- Dataset excerpt:

== Segment start ==

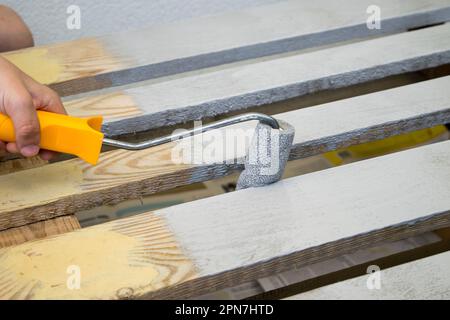 Verniciatura e colorazione con superficie in legno di colore bianco con rullo per pittura, primo piano Foto Stock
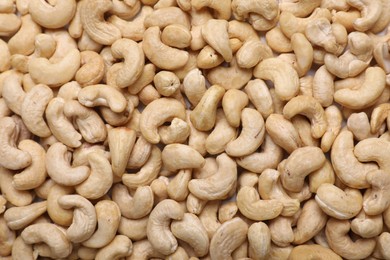 Photo of Many tasty cashew nuts as background, top view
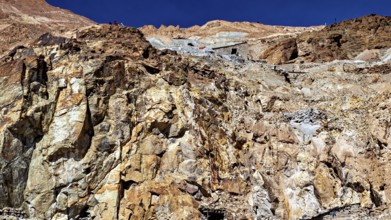 Textured rock face on a mountainside under a clear blue sky, The silver mines of Potosi Bolivia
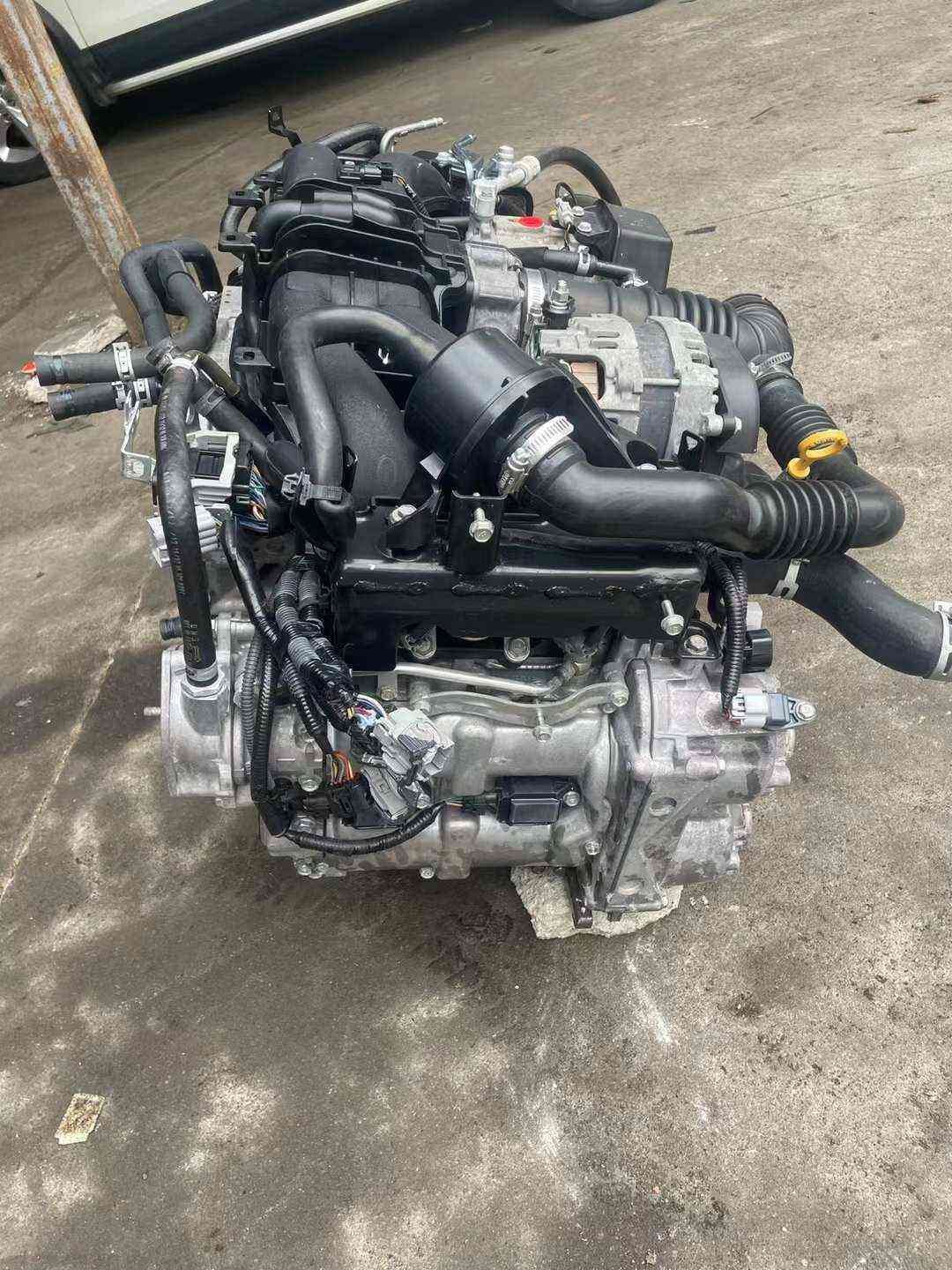 Subaru FA20 naturally aspirated engine assembly with intake tubing, alternator and wiring harness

== Segment end ==

- What is needed: Skip the pictures and copy exactly the lines from the one containing "Textured rock face" through the end of the material, both ends included.

- The answer:
 Textured rock face on a mountainside under a clear blue sky, The silver mines of Potosi Bolivia
 Subaru FA20 naturally aspirated engine assembly with intake tubing, alternator and wiring harness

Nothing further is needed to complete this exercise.